For more information about the link provided here, see the Work Distribution and Code Source Declaration part at the end of the report.

Introduction

Applying filters on a certain kind of recurring objects is a common need in visual content creation. For instance, the image on the left side in the figure below applied color splash filter on balloons, in which all content are turned into grayscale except the balloons; and the image on the right side is clipped from a TV show, in which the passerby is blurred to protect his privacy. In both of these situations, visual content creators need to identify recurring objects when they deal with large amount of images, and apply filters on these specified objects.

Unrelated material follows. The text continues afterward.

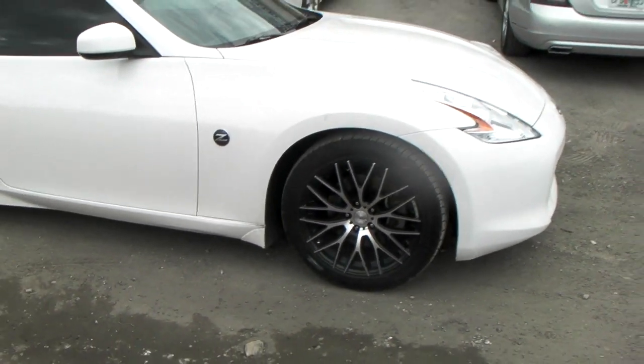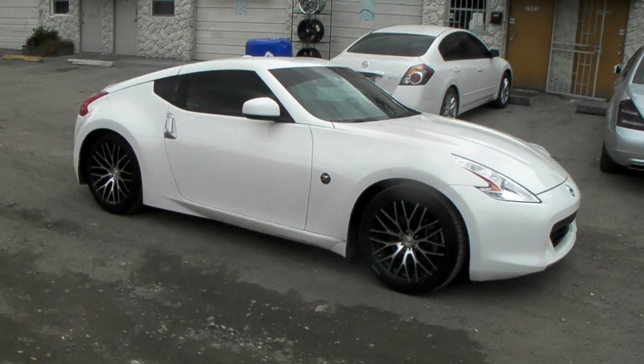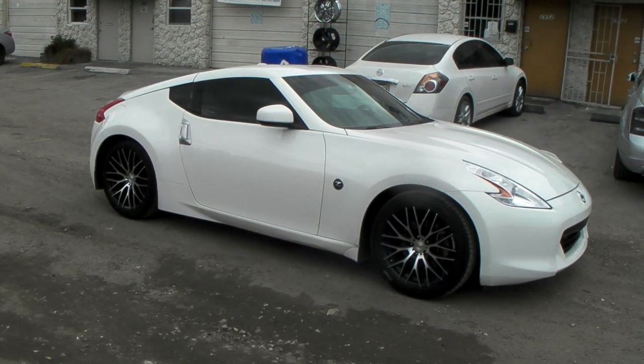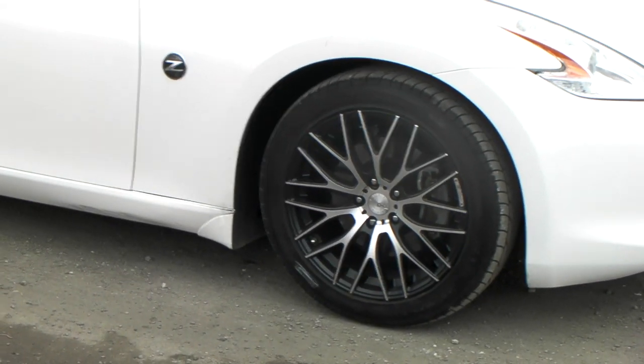Right now we're looking at DC Ram's A14 machined in black, 18 inch staggered on a 2011 370Z. Great looking wheel in the 18 inch — goes with the original stock wheels.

However, identifying recurring objects on large amount of images is tedious. If we could make an algorithm to automatically identify the objects and apply image processing methods on them, visual content creators could be freed from repetitive work and focus more on the creations process. To solve the problem, we could roughly divide it into three different stages: Detecting the object and classify it, find the segmentation mask of the object, and do the image processing on the specified parts. The figure below illustrates the process.

Object Detection

The problem definition of object detection is to determine where the object is located in a given image, and which category the object belongs to. Or in other words, it also consists of two parts: object localization, and object classification. The location of an object is usually represented by its bounding box, which is a rectangle boundary of the object in the given image. Nowadays, a lot of deep learning frameworks have been developed for dealing with object detection problems. For instance, YOLO is a real time object detection algorithm, which could find the location of all objects in an image and classify them in just one pass. Other frameworks like Mask R-CNN could not only detect the object, but also find its semantic segmentation by giving its pixel-level mask. For solving our problem, we not only need to classify the object, but also need to get the segmentation mask of the object, so we choose Mask R-CNN as the backbone for object detection and mask generation. A detailed explanation of Mask R-CNN could be found in the next section.

Image Processing

After we find the object in the images, we could do some image processing on the desired area by referring to the segmentation mask of the objects. Some rough ideas could be easily thought out, like blurring the detected parts - this is a common need when processing videos, for instance, in some situations we want to blur all human faces or license plates in the video. Some other image processing methods could also be applied, like the color splash filter we have mentioned above, pixelation, or even the style transfer proposed by Gatys et al. Applying image processing methods seems easy, but it could also be challenging, as we only want to apply it on desired parts of the image, and the processed part should also be consistent with the whole image. I will introduce more about this part in details in the next section.

Method

Mask R-CNN

Mask R-CNN is actually a framework for object instance segmentation. It extends Faster R-CNN, by adding a branch for predicting an object mask, in parallel with the existing branch for bounding box prediction. The mask could be easily trained for instance segmentation, and it could also be used for other tasks such as human pose detection. The structure of Mask R-CNN is illustrated below.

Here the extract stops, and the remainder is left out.